Record and Artist Details

Musicians:

Hattie Whitehead (v, g)
Pete Oxley (g)
Chris Eldred (ky)
Rick Finlay (d)
Ollie Weston (reeds)
Dave Jones (el b)
Marc Cecil (perc)

Label:

Spin Jazz Productions

September/2024

Media Format:

CD, DL

Catalogue Number:

SJP LSL-001

RecordDate:

Rec. 17 November 2023

As readers will recall from February’s Jazzwise, Hejira are a seven-piece British band dedicated to playing the music of Joni Mitchell. Their main focus is the seminal double live album Shadows and Light that she recorded in 1979 with Pat Metheny, Lyle Mays, Don Alias, Michael Brecker and Jaco Pastorius. And in fact, 10 of the 12 tracks on Live at the Cockpit are taken from that album, the only exceptions being ‘A Case of You’ (originally from Mitchell’s album Blue) and ‘Blue Motel Room’ (from Hejira - yes, this is getting confusing).

The first and most obvious question to ask is: why make an album that largely reproduces another album? Hattie Whitehead’s voice is spine-shiveringly like Mitchell’s, and just as full of delicacy, emotion and intelligence. But Live at the Cockpit does not simply reproduce the songs; it reinterprets them. For one thing, Mitchell plays electric guitar on her own album, whereas Whitehead plays acoustic, sharing guitar duties with bandleader Oxley.
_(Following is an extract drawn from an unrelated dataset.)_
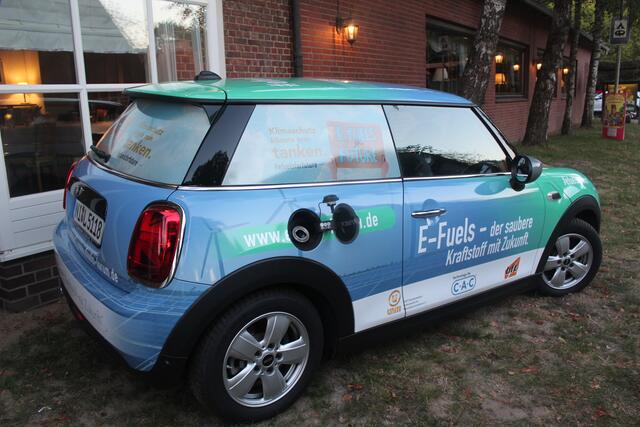 Der Mini fährt mit E-Fuels - im Fahrverhalten ändert sich laut der Referenten dadurch nichts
There’s also a little less solo grandstanding here than on the original - Hejira’s aim is to serve the songs. They are a formidably tight unit, imparting a practised smoothness to the performances. The recording is of optimal quality for a live album too – helped, no doubt, by improvements to the technology over the last quarter of a century.

Anything that helps keep a band of this quality on the road is to be welcomed, and Live at the Cockpit will probably sell well at the many gigs Hejira have in their diary during the rest of 2024.